Craving is a subjective experience characterized by intense desire or longing for something. Most people report having experienced a craving of some kind, be it for drugs or alcohol, specific foods such as chocolate, activities such as using smartphones or gaming, and even social interaction. Although craving can be a mobilizing force for achieving desired outcomes, it is also a central feature of disordered substance use and appetitive behavior, or collectively, addictive behavior. The clinical significance of craving cannot be overstated (
1). In recognition of its importance to the etiology and maintenance of addictive behavior, “craving” was added as a diagnostic criterion in DSM-5 for substance-related and addictive disorders. Further, the most recent meta-analytic data suggest large effect size associations prospectively linking craving to substance use and relapse (
2) and to eating and weight gain (
3), prompting the suggestion that craving should be assessed as early as in primary care for health prevention.
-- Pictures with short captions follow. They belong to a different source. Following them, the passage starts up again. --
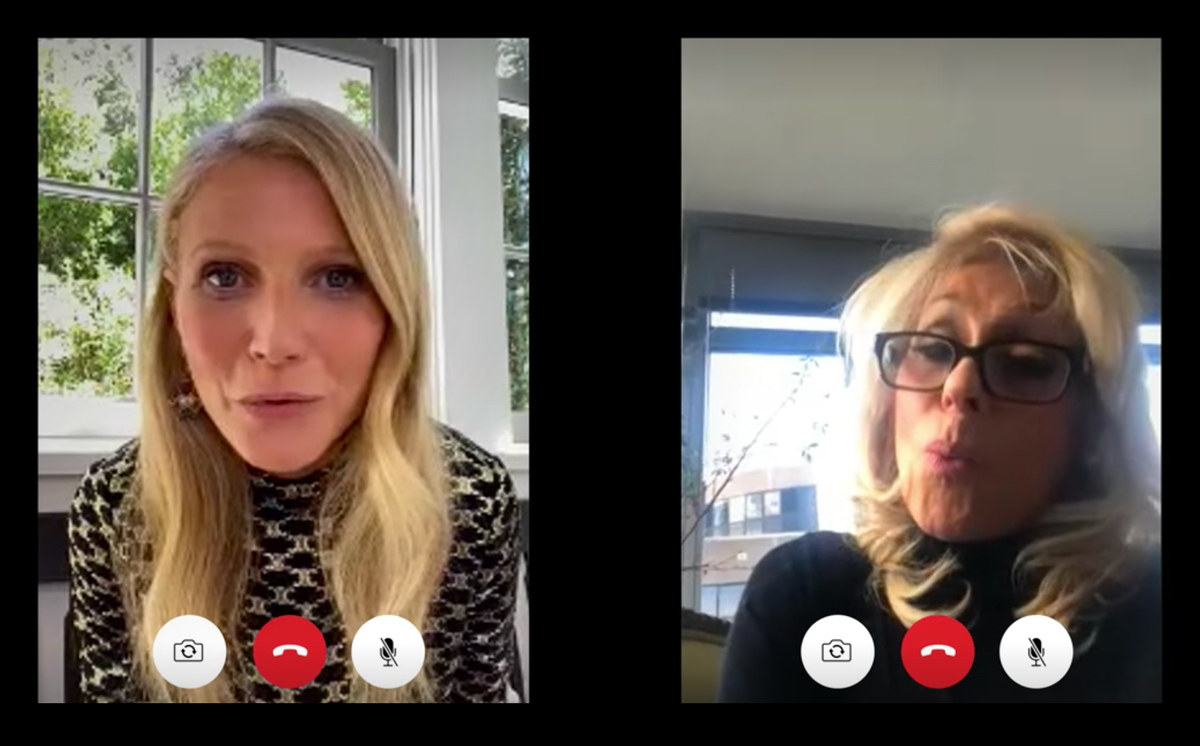 A still from The Politician showing Georgina and Dede both on Facetime talking to one another. Georgina wears a blue blouse and sits in front of a window while Dede wears glasses and a turtleneck. The phones show three icons for hang up, mute, and camera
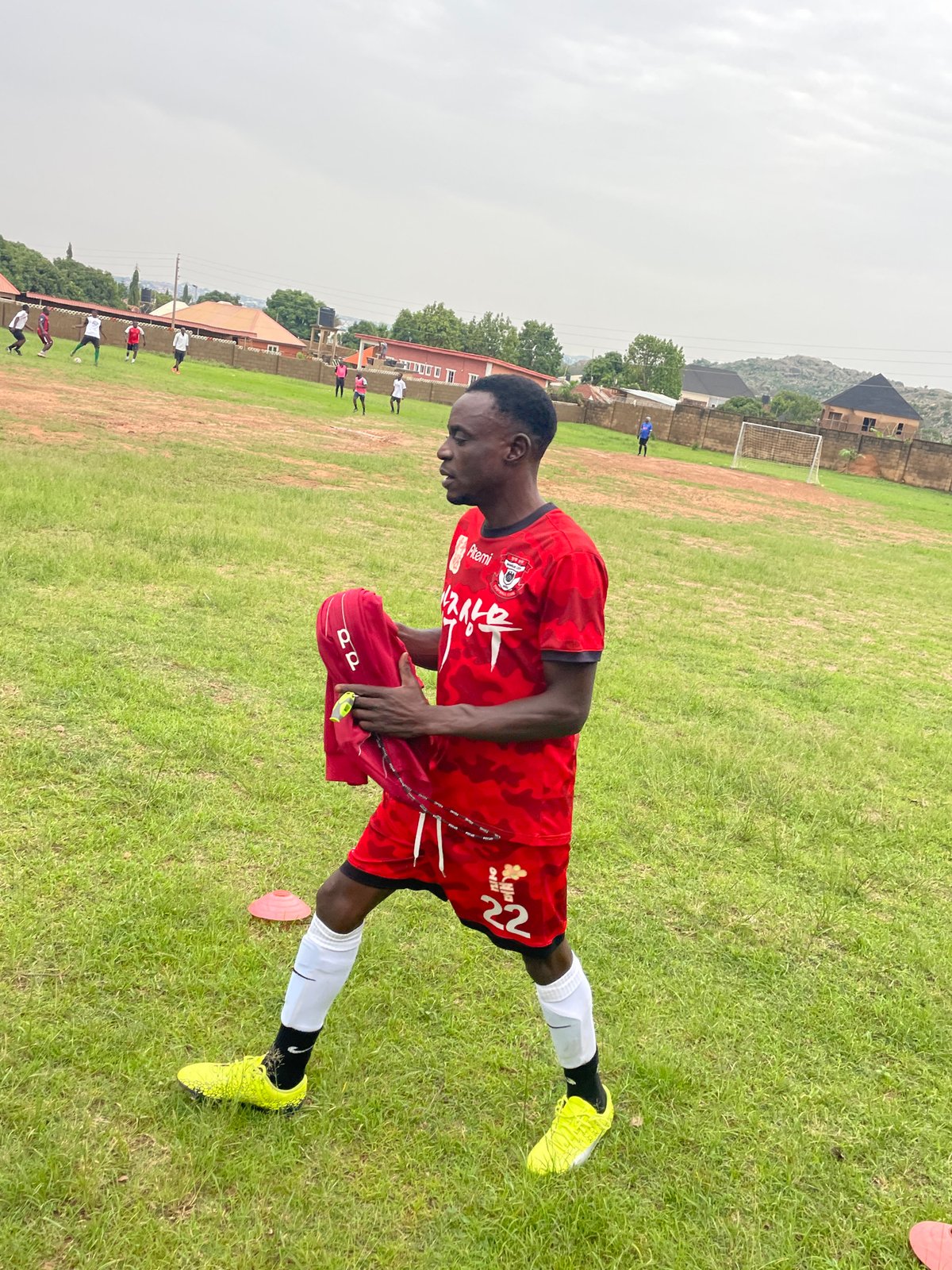 Soccer practice session on grassy field in Jos Nigeria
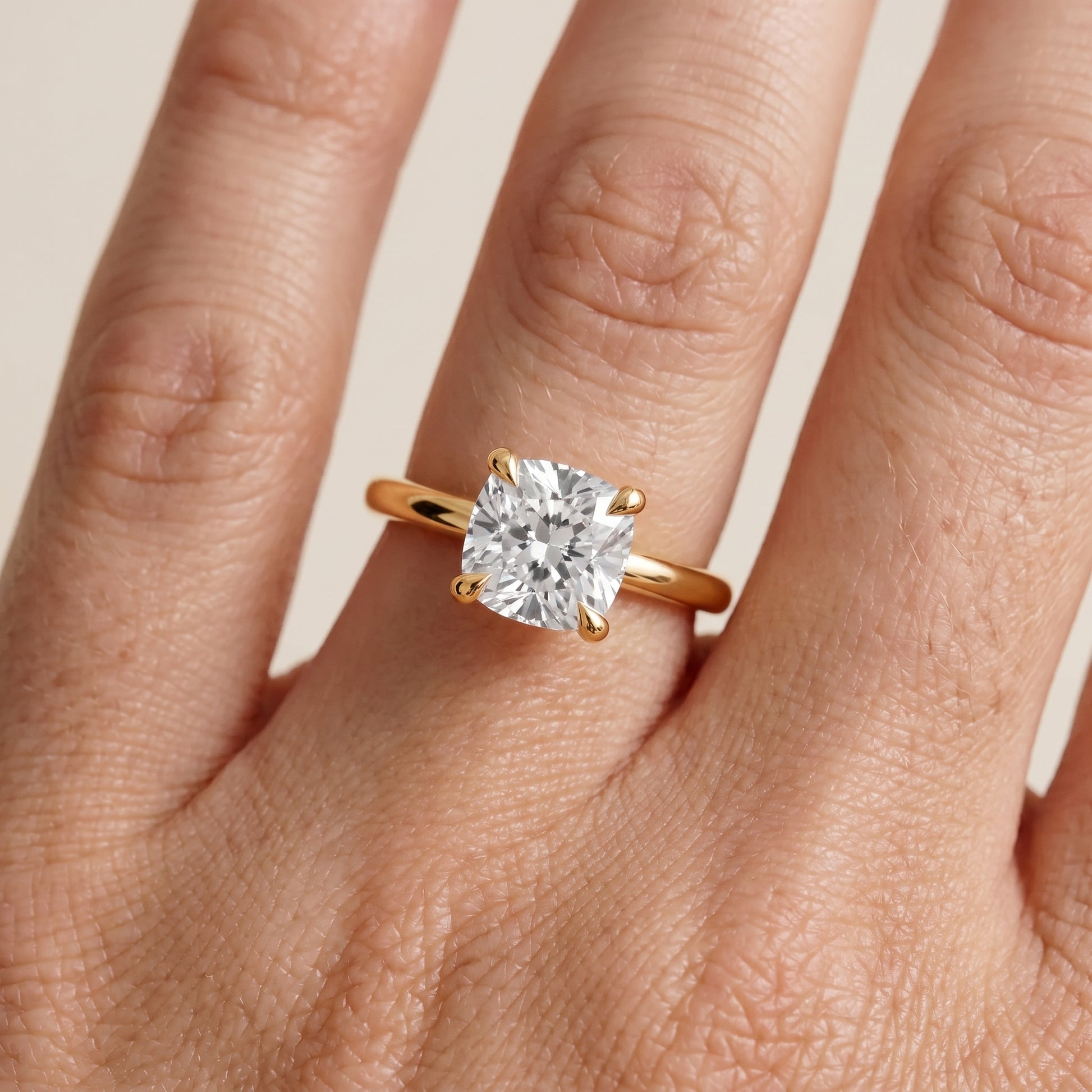 Nella Petite Solitaire Cushion Diamond Engagement Ring in Yellow Gold - lifestyle.jpg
Despite the pervasive nature of craving and its clinical importance, craving remains poorly understood. Specifically, it is unclear how the phenomenology of craving may vary along the spectrum from “healthy” cravings to those experienced in the context of addictive behaviors. This limited understanding stems from a paucity of knowledge about the neural basis of the subjective experience of craving. While the neurobiology of craving has been studied for decades, with some notable exceptions (
4,
5), few studies have had the requisite sample sizes and methods needed to identify neural processes that reliably and generalizably relate to the experience of craving—that is, that are not only associated with but
predictive of this experience (
6). Statistical associations show how changes in one variable relate to changes in another in a given data set, but prediction requires that the association hold in new data that were not used to fit the model. Demonstrating predictive relationships, confirmed by cross-validation, is essential to establish clinical utility, prevent effect size inflation, and increase the generalizability of an identified model to novel individuals and settings. Such measurable and predictive neurobiological markers of craving could help inform treatments to mitigate craving, monitor treatment efficacy, and significantly advance theoretical understanding; they may be particularly valuable for individuals with low insight into their experiences, as well as for craving research in model systems where subjective experience is not accessible.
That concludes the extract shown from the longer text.